In 1855, a scandal broke out involving the Francis John Robert Child Villiers, the son of George Child Villiers, 5th Earl of Jersey and Sarah Sophia Lady Jersey (neé Fane - heiress to the Child Bank fortune). Hon Francis Villiers, a prominent Conservative Member of Parliament and formerly aide-de-camp (ADC) to Sir Colin Campbell, General Officer Commanding (GOC) Ceylon, had been caught forging cheques. The Villiers owned two coffee estates in Sri Lanka, Galagedera and Middleton (the latter named after their Oxfordshire seat, Middleton Park at Middleton Stoney), which they expected to sell to settle Francis’ debts.

In deference to Lady Jersey, the Conservative Prime Minister Benjamin Disraeli got involved in the affair. In his role as provider of good offices, in regard to the Villiers’ plantations (which were to remain unsold even after Francis Villiers’ death) he corresponded with the Villiers’ attorney in Sri Lanka, Captain William Fisher.

Peninsular War

The scion of a line of rectors in the Church of England, William Fisher was born in 1811. His father Rev John Fisher was the Rector at Wavendon, Buckinghamshire, in whose church of St Mary’s there is a wall tablet in memory of his brother Captain William Fisher, killed at Waterloo, along with a score of other soldiers of the 10th Foot, by a single cannon ball.

It had been the wish of the deceased, who had been a veteran of the Peninsular War, that his namesake nephew be given a commission in the Army. His fellow veteran Lord FitzRoy Somerset (later Lord Raglan), then military secretary to the Duke of Wellington, obliged. At 17 the younger William Fisher was commissioned an Ensign in the 78th Highland Regiment of Foot (the Ross-shire Buffs), the Colonel of which was Lt Gen Sir Edward Barnes, and shipped to Sri Lanka where the unit was stationed.

Fisher rose in the ranks of the 78th Regiment to Captain. He became ADC, first to Sir Robert John Wilmot-Horton, Governor of Ceylon and then to General Sir Robert Arbuthnot, GOC Ceylon. In 1834, hunting elk along with Lt Albert Watson of the 58th Regiment, he ‘discovered’ Horton Plains, which he named for the Governor.

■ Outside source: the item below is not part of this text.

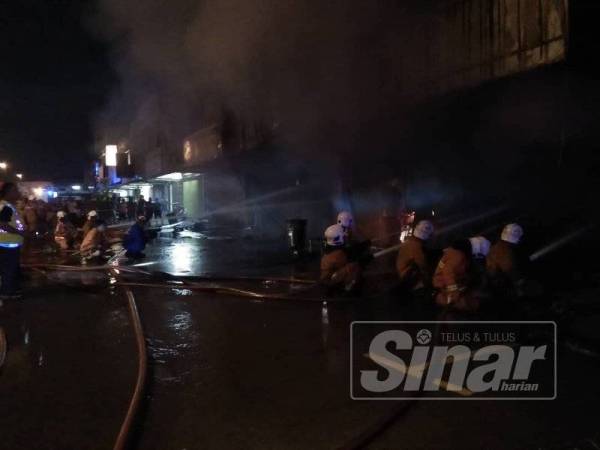 Anggota BBP Tanjong Karang dibantu BBP Sekinchan, Kuala Selangor, Sungai Besar dan sukarelawan bomba Sekinchan dan Pasir Penambang bagi memadamkan kebakaran dua unit kedai dua tingkat, malam tadi.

Fisher married Sophie Lambe, daughter of Alfred Lambe, a vintner of New Bond St., London, and grand-daughter of Alderman Boydell, Lord Mayor of London and a famous engraver. It was a love match, which was looked on with opprobrium by the snobbish Fishers. A rumour went round that Sophie was actually a ‘Cingalese woman’ with whom William had ‘contracted a left-handed alliance’.

Royal Navy

In 1841, William sold his Captain’s commission in the 78th Highlanders and retired to Ramboda, where he began planting coffee. The name which he gave to the estate was Wavendon, after his father’s Buckinghamshire parish.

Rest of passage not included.